[Work item] Using the records below, reproduce exactly the lines from the one containing "Geoffrey Bouchard (AG2R" through the end, and nothing more; skip the images.

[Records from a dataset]
'''
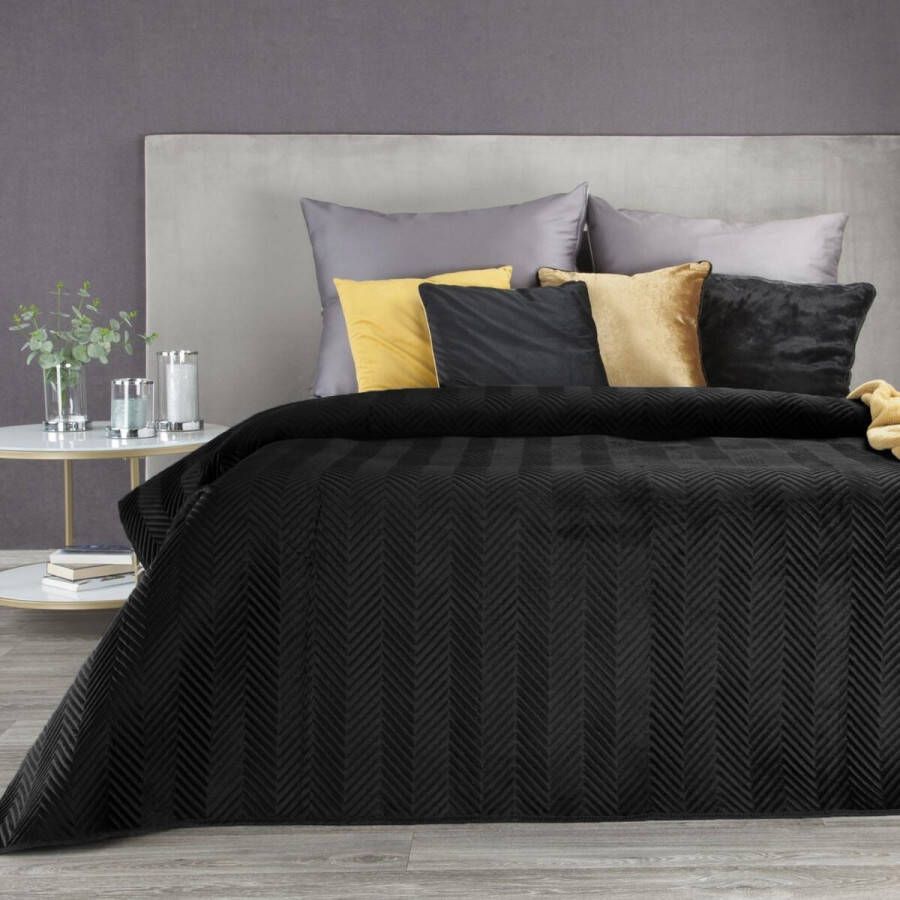 Oneiro s luxe SOFIA Beddensprei Zwart 170x210 cm – bedsprei 2 persoons zwart – beddengoed – slaapkamer – spreien – dekens – wonen – slapen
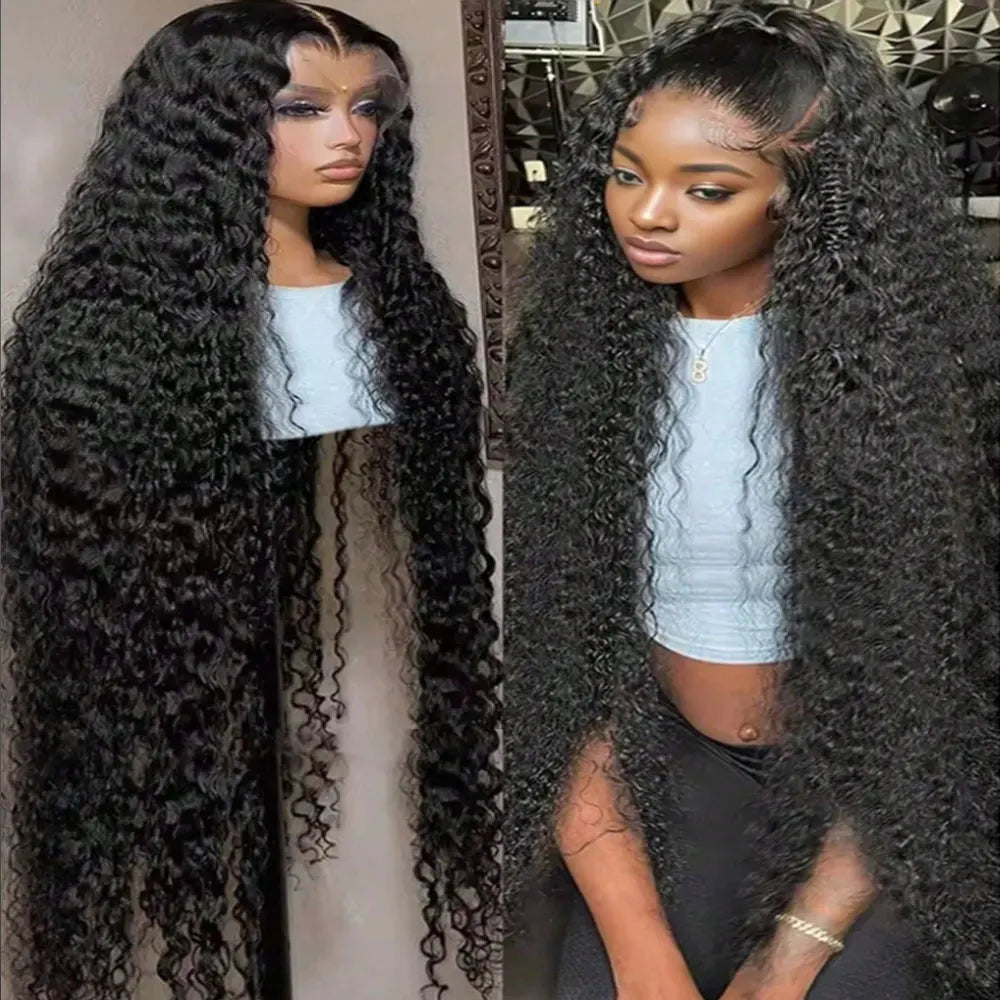 40 Inch Voluminous Deep Wave Human Hair Wig 250 High Density 13x4 13x6 HD Lace Frontal Durable Tangle Free Natural Real Hair Wigs for Women Daily Styling-2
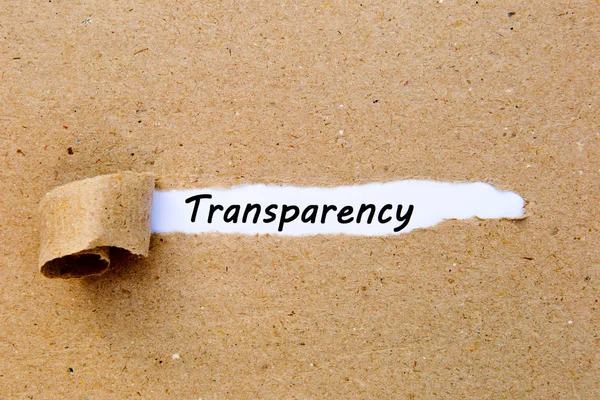 Transparency - printed text underneath torn brown paper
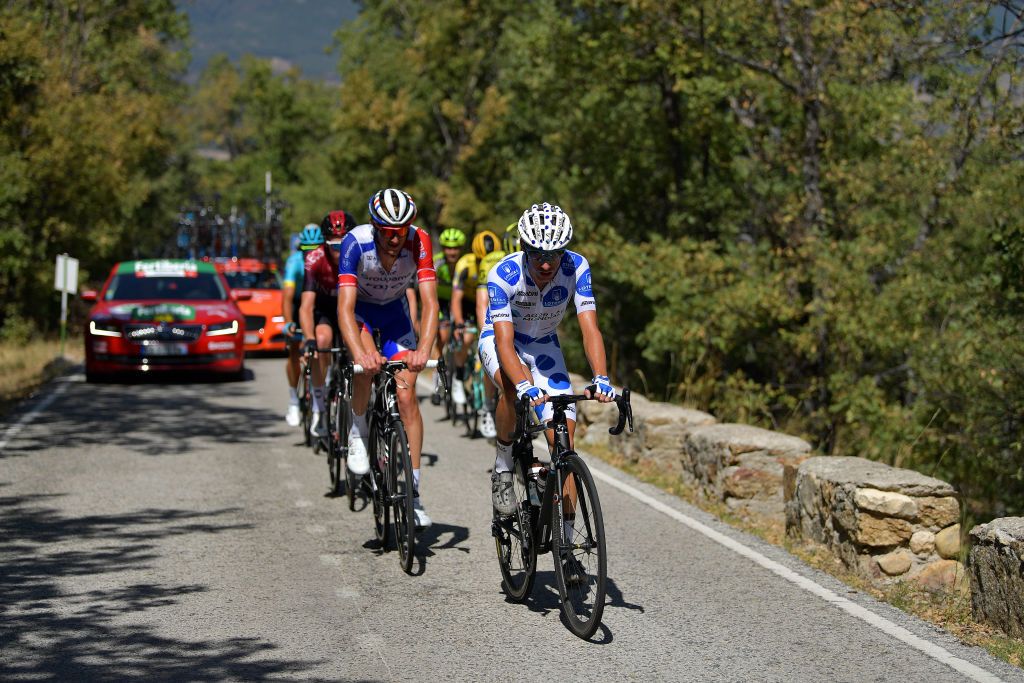 Geoffrey Bouchard (AG2R La Mondiale) leads the break on stage 18
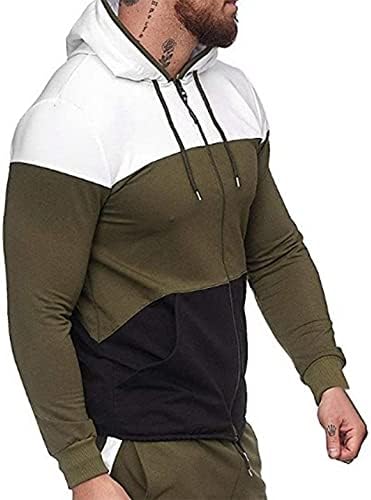 Realdo Mens Color Block Casual Hoodie есенски зимски врвен тренер со џебна кошула со аспиратор
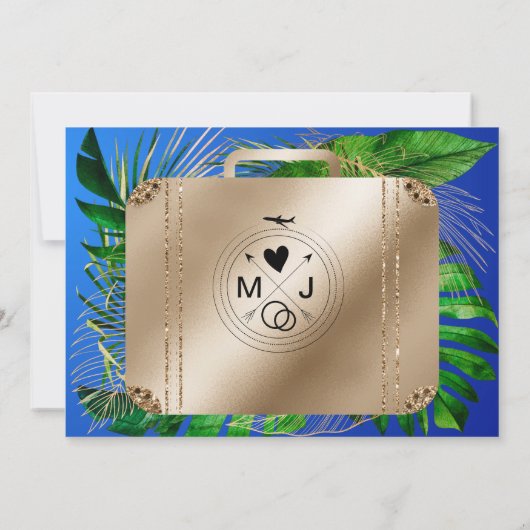 Save The Date Enregistrer la date Destination Mariage valise voy (Dos)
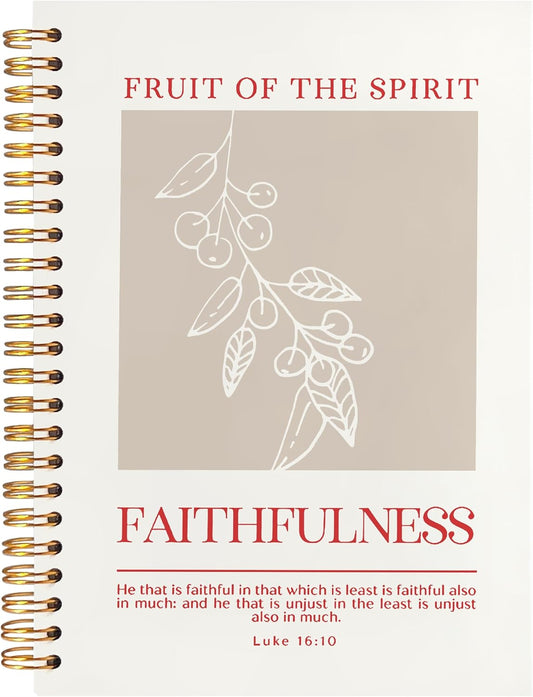 BearCake Fruit of the Spirit Faithfulness Christian Notebook Journal, Christian Gifts for Women, Bible Notebooks for Note Taking, Bible Journaling Notebook, Hardcover Spiral Notebook 5.5x8.3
'''
[Output for this exercise]
 Geoffrey Bouchard (AG2R La Mondiale) leads the break on stage 18
 Realdo Mens Color Block Casual Hoodie есенски зимски врвен тренер со џебна кошула со аспиратор
 Save The Date Enregistrer la date Destination Mariage valise voy (Dos)
 BearCake Fruit of the Spirit Faithfulness Christian Notebook Journal, Christian Gifts for Women, Bible Notebooks for Note Taking, Bible Journaling Notebook, Hardcover Spiral Notebook 5.5x8.3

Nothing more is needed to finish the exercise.